When I plan my Passover cooking, I usually begin thinking about what I can’t use-chometz. I’ve noticed that this is not such a positive approach. If I was going to make a meal and my family asked me; “What’s for dinner?” I definitely would not respond; “Well, we’re having such and such, but that’s only because I couldn’t make so and so.” I’m sure you would agree that it’s not the best sales tool, for either the cook or the consumer. So this year, I’m trying to make a conscious effort to focus on what is special at Pesach. If you refer to the COR Pesach guide, http://www.cor.ca/view/434/cor_passover_guide_20135773.html, you will see some of my favourites, but there are a few other dishes that are really excellent and I had to taste them to remember how good they are. Not to mention that I received an ice cream maker from my kids for a pre Pesach birthday gift (talk about the gift that keeps on giving), and we really enjoyed that.

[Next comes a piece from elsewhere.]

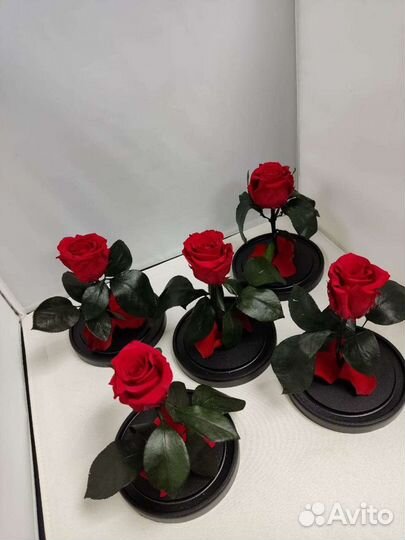 Роза в колбе оптом и в розницу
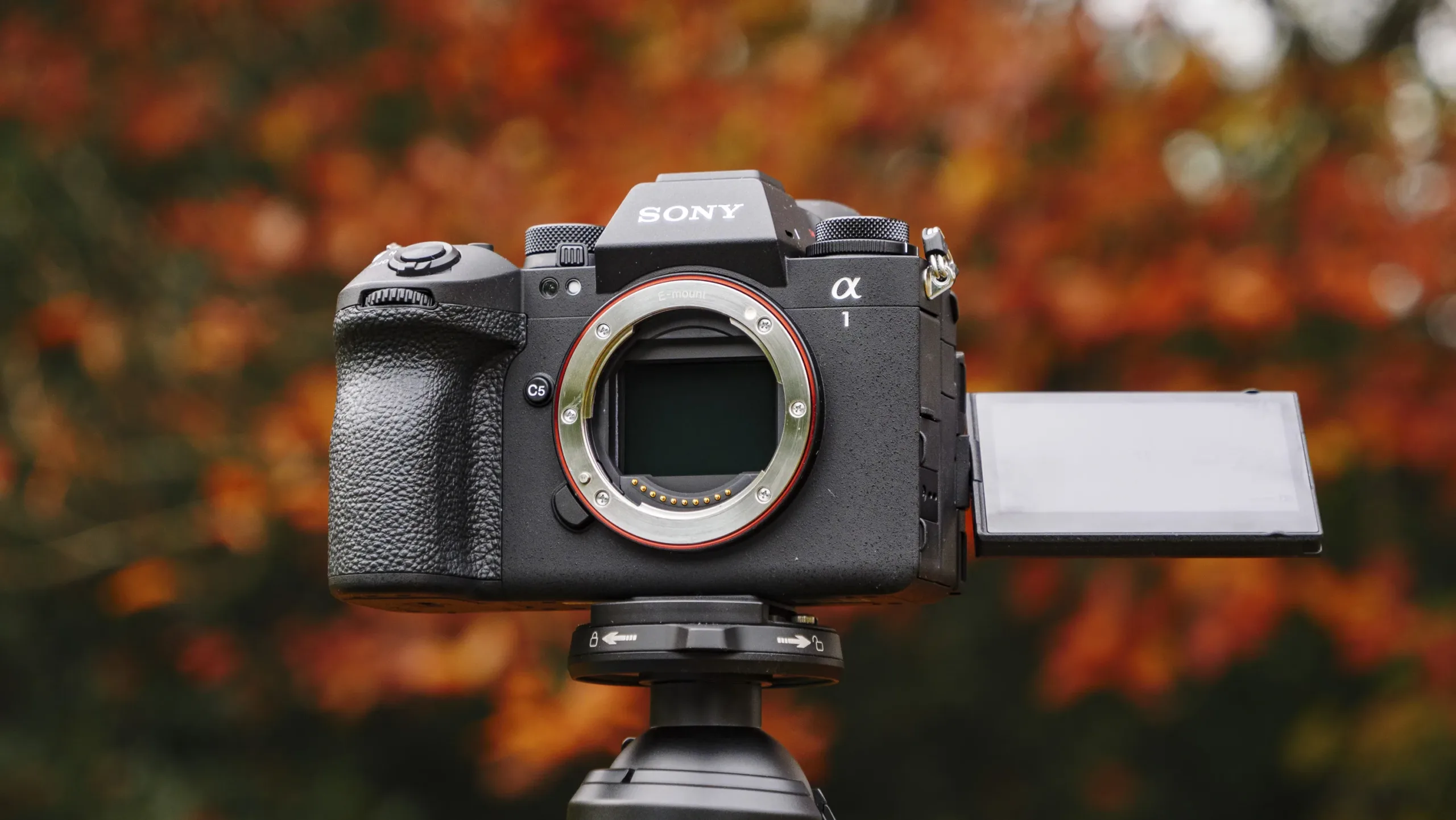 Sony A1 II 002 scaled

In reviewing my Pesach meals, (so that I’m not starting from square one next year), there is something I make that has no history, symbolism, or particular eye appeal, but is downright delicious and that is a Sweet Potato Tart. I would like to call it a Sweet Potato Pie, because the name rolls off the tongue in such a sweet Southern way, but then you might risk serving this only for dessert. Although the flavour is a little on the sweet side, and can fall into the ‘afters’ category, it definitely is a savoury dish and belongs during the meal, especially if it’s served with a mess of caramelized onions on the side.
In trying to bring Pesach into the year, and making each day (meal?) count, I’ve decided that the focus of my next few blogs will be on savoury tarts, of which the Sweet Potato is an example. They are so lovely and light and equally delicious either pareve or dairy, especially if you like to serve cheesy-milky meals during the holiday of Shavuos. They can also be prepared in advance and served hot for Friday night or room temperature for Shabbos lunch.
Although, this tart looks rustic, it’s taste will convince you to include it in your recipe repertoire (and there is no oil or margarine in the filling, only the creaminess of the sweet potato).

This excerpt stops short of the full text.